**Assignment**: Print the data exactly. Omit the pictures.
---- Provided data
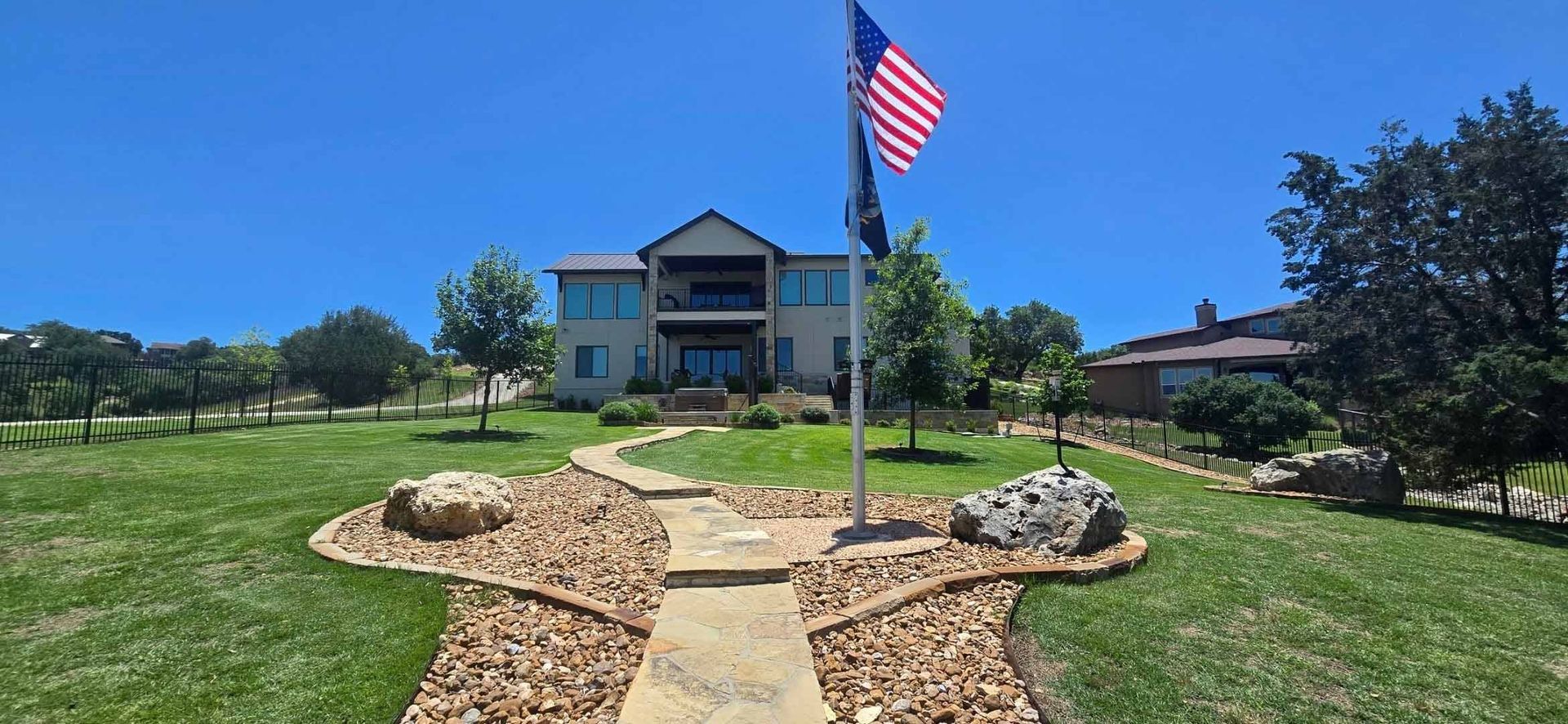 Sunny suburban yard with an American flag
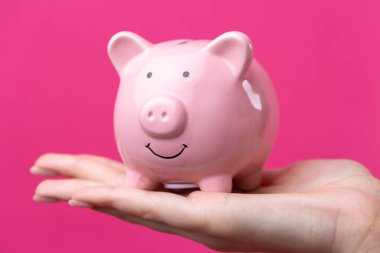 Pembe ceketli şirin bir kız elinde 3 boyutlu bir kumbara tutuyor. Stüdyoda pembe üzerine yakın plan güzel bir portre.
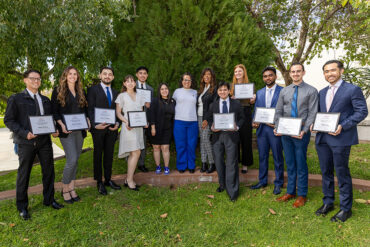 Students, holding certificates, pose for a group photo with scholarship benefactors.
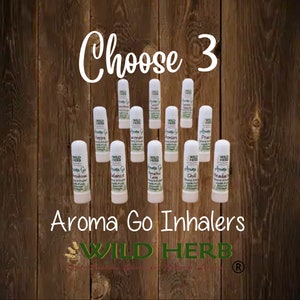May include: Choose 3 from a selection of 12 white tubes labeled "Aroma Go Inhalers" with various scents, including "Happy", "Lavender", "Balance", "Breathe Easy", "Chill", and "Headache". The tubes are arranged in a grid pattern on a wooden background. The text "WILD HERB" is displayed below the tubes.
--------
**Response**:
 Sunny suburban yard with an American flag
 Pembe ceketli şirin bir kız elinde 3 boyutlu bir kumbara tutuyor. Stüdyoda pembe üzerine yakın plan güzel bir portre.
 Students, holding certificates, pose for a group photo with scholarship benefactors.
May include: Choose 3 from a selection of 12 white tubes labeled "Aroma Go Inhalers" with various scents, including "Happy", "Lavender", "Balance", "Breathe Easy", "Chill", and "Headache". The tubes are arranged in a grid pattern on a wooden background. The text "WILD HERB" is displayed below the tubes.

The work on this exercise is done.